[PATCH v2 29/29] drm/doc: gpusvm: Add GPU SVM documentation
Matthew Brost
matthew.brost at intel.com
Tue Dec 17 23:14:47 UTC 2024
On Mon, Dec 02, 2024 at 02:00:44PM +0100, Thomas Hellström wrote:
> On Tue, 2024-10-15 at 20:25 -0700, Matthew Brost wrote:
> > Add documentation for agree upon GPU SVM design principles, current
> > status, and future plans.
> >
> > Signed-off-by: Matthew Brost <matthew.brost at intel.com>
> > ---
> > Documentation/gpu/rfc/gpusvm.rst | 70
> > ++++++++++++++++++++++++++++++++
> > Documentation/gpu/rfc/index.rst | 4 ++
> > 2 files changed, 74 insertions(+)
> > create mode 100644 Documentation/gpu/rfc/gpusvm.rst
> >
> > diff --git a/Documentation/gpu/rfc/gpusvm.rst
> > b/Documentation/gpu/rfc/gpusvm.rst
> > new file mode 100644
> > index 000000000000..2d3f79a6c30a
> > --- /dev/null
> > +++ b/Documentation/gpu/rfc/gpusvm.rst
> > @@ -0,0 +1,70 @@
> > +===============
> > +GPU SVM Section
> > +===============
> > +
> > +Agreed upon design principles
> > +=============================
> > +
> > +* migrate_to_ram path
> > + * Rely on core MM concepts (migration ptes, page refs, and
> > page locking)
> > + only
> > + * No driver specific locks other than locks for hardware
> > interaction in
> > + this path
>
> We have previously been discussing the bo lock to protect the bo from
> eviction during migrate, if the vram allocation is bo-based.

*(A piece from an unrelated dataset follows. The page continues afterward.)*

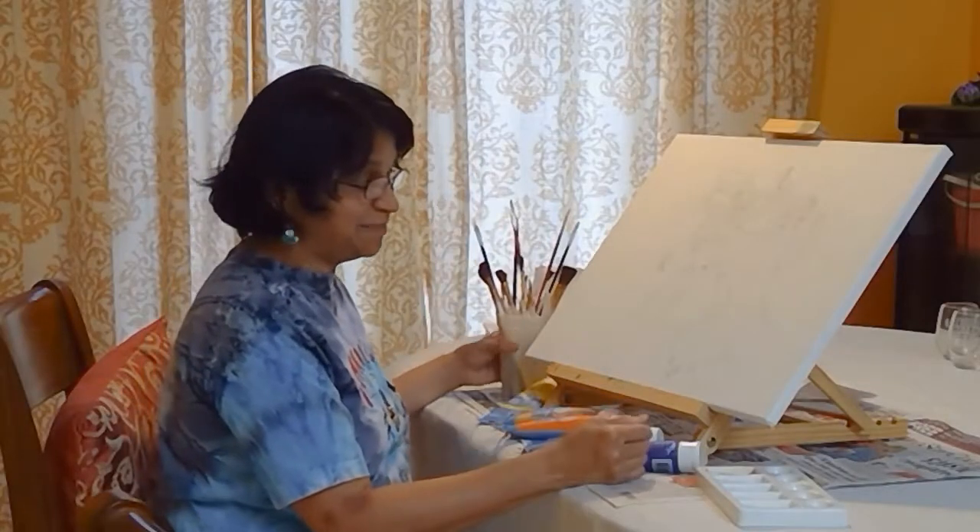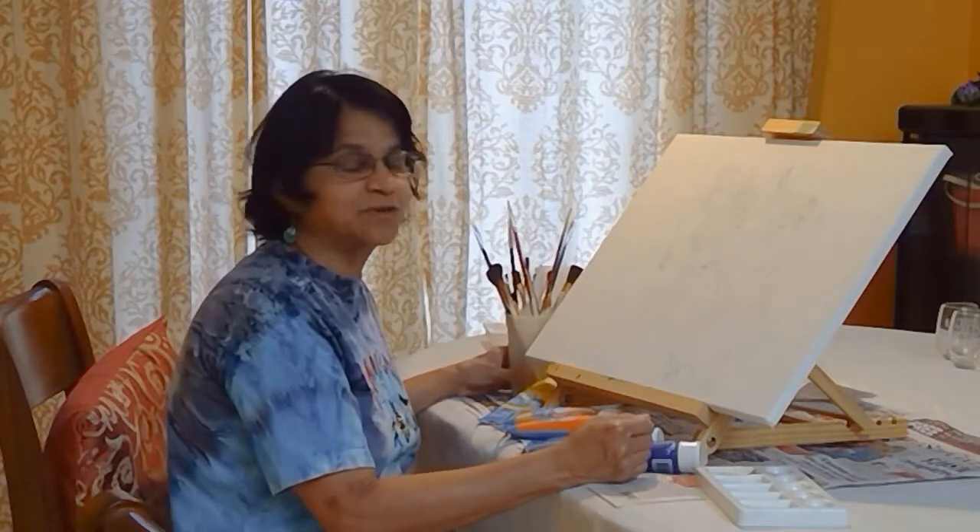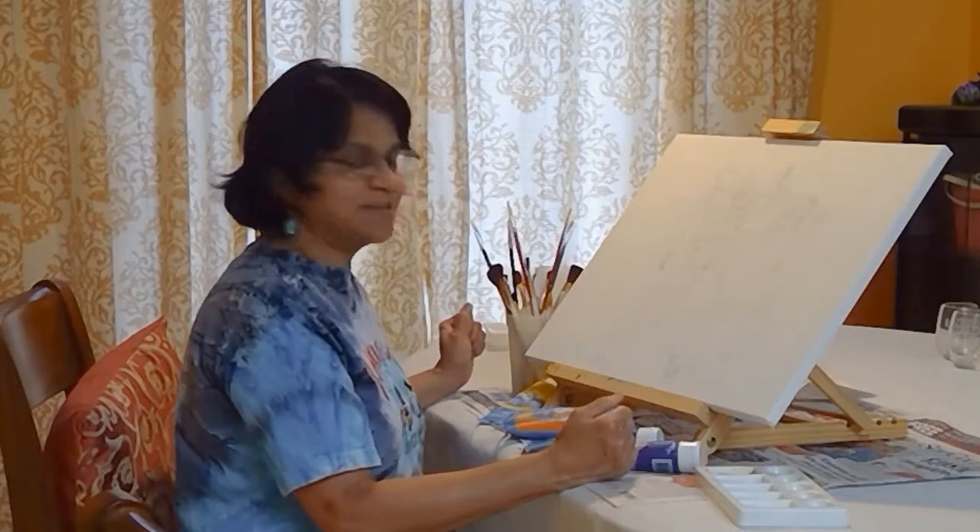Alright, I am ready for doing my painting. This is going to be a special birthday gift for a special little girl. Let's see how it turns out.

This is a
> cross-driver lock with a well-established locking order and I suggest
> we allow this. Apart from that I think the above statement needs some
Not allowing additional locks was suggested by Sima and I think it makes
sense but I do agree taking a dma-resv in migrate_to_ram would be safe.
However, the way GPU SVM is structured there is not any hooks to enable
this.
> elaboration: What is the problem we are trying to avoid with driver-
> specific locks, written so that it's easy to understand it's a bad
> idea.
>
Sure, will try to elaborate.
> > + * Partial migration is supported
>
> Exactly what do we mean by partial migration.
>
Will
> > + * Driver handles mixed migrations via retry loops rather
> > than locking
> > +* Eviction
> > + * Only looking at physical memory datastructures and locks
> as opposed to...
>
As opposed looking at virtual memory data structures. Can elaborate why
this is a bad idea too - basically mremap + fork fall apart when you
start looking at virtual things.
> > + * No looking at mm/vma structs or relying on those being
> > locked
> We're violating this with the current implementation, aren't we?
>
Aside from when calling migrate_vma_* or creating initial range. Can
elaborate on this and certainly say drivers should not look at CPU VMA.
>
> > +* GPU fault side
> > + * mmap_read only used around core MM functions which require
> > this lock
> > + * Big retry loop to handle all races with the mmu notifier
> > under the gpu
> > + pagetable locks/mmu notifier range lock/whatever we end up
> > calling
> > + those
> > + * Races (especially against concurrent
> > eviction/migrate_to_ram) should
> > + not be handled on the fault side by trying to hold locks
>
> This actually contradicts my comment written above about using the bo
> lock to block eviction here. The alternative would be to pin vram
> allocations during migration until the mm_truct has references on the
> allocation, but it'd be good to clarify exactly why locking here is a
> bad idea, and why we can't rely on lockdep?
>
I'll try to clarify.
> > +* Physical memory to virtual backpointer
> > + * Does not work, no pointers from physical memory to virtual
> > should
> > + exist
>
> We actually still have the private zdd structure, but it's strictly not
> to virtual but to the allocation metadata. Is it verified that the
> zone_device_data field is allowed to be modified by the pagemap between
> allocation and migration?
>
We don't modify zdd between allocation and migration aside from the ref
count of the zdd.
>
> > +* GPU pagetable locking
> > + * Notifier lock only protects range tree, pages, pagetable
> > entries, and
> > + mmu notifier seqno tracking, it is not a global lock to
> > protect
> > + against races
> > + * All races handled with big retry as mentioned above
>
> Adding a note here about "pages valid" for subranges rather than
> relying on the wider notifer seqno. I.E. a subrange can be valid even
> if the notifier seqno says otherwise.
>
Sure.
> Performance considerations:
> Perhaps mention that notifier (core mm) performance is more important
> than gpu fault (driver) performance when considering optimizations that
> improves one at the cost of the other?
>
Hmm, that is kinda speculation IMO. I have heard that feedback but
unsure if I agree with it nor do we have any data to backup that claim.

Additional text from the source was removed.